3. Emotions ? Wealth Creation

Fleeing stocks for the safety of Gilts or CDs or Liquid Funds may seem quite appealing at times, especially when the market takes a sudden plunge on a negative news headline. In times of turmoil, it can be difficult to take a long-term view and resist the urge to react to the latest market swing. For short-term financial needs, cash and cash-equivalent investments can be good choices. However, they are not suitable for long-term wealth creation, because the returns are likely to be too low – your investments need to outpace inflationover time, otherwise your purchasing power is eroded.  Historically, it’s been equities that have helped investors compensate for inflation by delivering higher average annual returns than cash or debt investments.

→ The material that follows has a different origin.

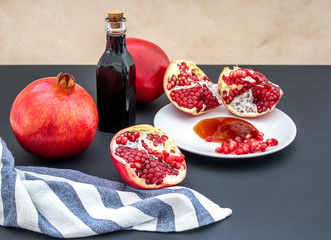 Pomegranate molasses or Narsharab sauce. Used in Middle Eastern, African and Mediterranean cooking,...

The need to keep an investment allocation policy constant is thus necessary for wealth accumulation. One can always alter the allocation to meet changing lifestyle needs and requirements, when it makes sense to revisit your investment plan due to meaningful changes in your life – the change should be driven by something significant and permanent.  On the other hand, booking losses or making sudden, abrupt changes in line with market declines would not get you where you want to be.  Keep in mind that 21st century technology and medical science advancements may help you live 80, 90 or even 100 years! With extended investment horizons the effects of inflation and the preservation of purchasing power need to be seriously considered. Staying calm can help investors avoid making moves they later regret. And emotional decisions more often than not lead to regrets.

4.  Crisis = Opportunity   Scale UP, not down!

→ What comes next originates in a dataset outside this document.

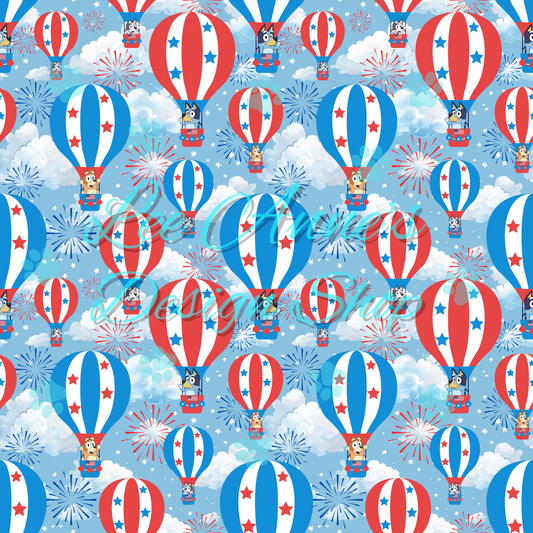 Blue dog Fourth July Seamless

To paraphrase the old sage of the markets, Warren Buffet, when others are fearful it is time to be greedy and vice versa. As painful as they are, market downturns can serve as reminders of the risk inherent in the market. It is precisely because stocks are a volatile asset class that they have historically provided a higher rate of return relative to other major asset classes, such as debt or cash. Market participants expect higher returns to compensate them for taking on additional risk. As a result, market fluctuations are the norm and not the exception, and short-term fluctuations are inevitable in the long-term upward trajectory of the market.

That is why some of the best periods to have entered the stock market have been during periods of particularly negative sentiment and extreme market turbulence. Hindsight suggests that during challenging economic episodes in history, investing more in stocks has been a prudent decision. While having the fortitude to stay invested provides an opportunity to fully participate in the market’s long-term upward trend, investing additional money has proven to be the kicker that can generate  large returns in one’s portfolio. Waiting until sentiment feels positive again to make an investment has typically not been a good method of achieving future returns. Many of the best periods to invest in stocks have been those environments that were among the most unnerving.

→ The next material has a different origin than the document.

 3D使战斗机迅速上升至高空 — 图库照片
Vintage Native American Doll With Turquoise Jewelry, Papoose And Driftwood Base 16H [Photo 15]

5. Technicals vs. Fundamentals

When market technicals and perception start overriding the fundamentals, the question we ask is how is it that a large, blue-chip corporation is suddenly worth 20% or 30% less than a week ago or a month ago? Is the sell-off justified by the underlying economic and corporate fundamentals? Is the market becoming too pessimistic? Or is the sell-off in line with diminished expectations for economic growth, profitability and balance sheet performance in the coming months?

Whenever panic-induced selling begins, prices can become much cheaper than justified by their intrinsic value. This is the reverse of what typically happens in a hyper bull-market run.  Valuations can become irrational on both the up-swing and down-swing.  This is no doubt a tremendously challenging time for investors, but panics can cause prices to fall further than might be appropriate based on the underlying fundamentals.  While nobody has a crystal ball to predict when exactly the bear market will turn around, you can be assured that as long as the entire world’s economy does not collapse overnight, it is low valuations that will eventually set the stage for the next bull-market rally.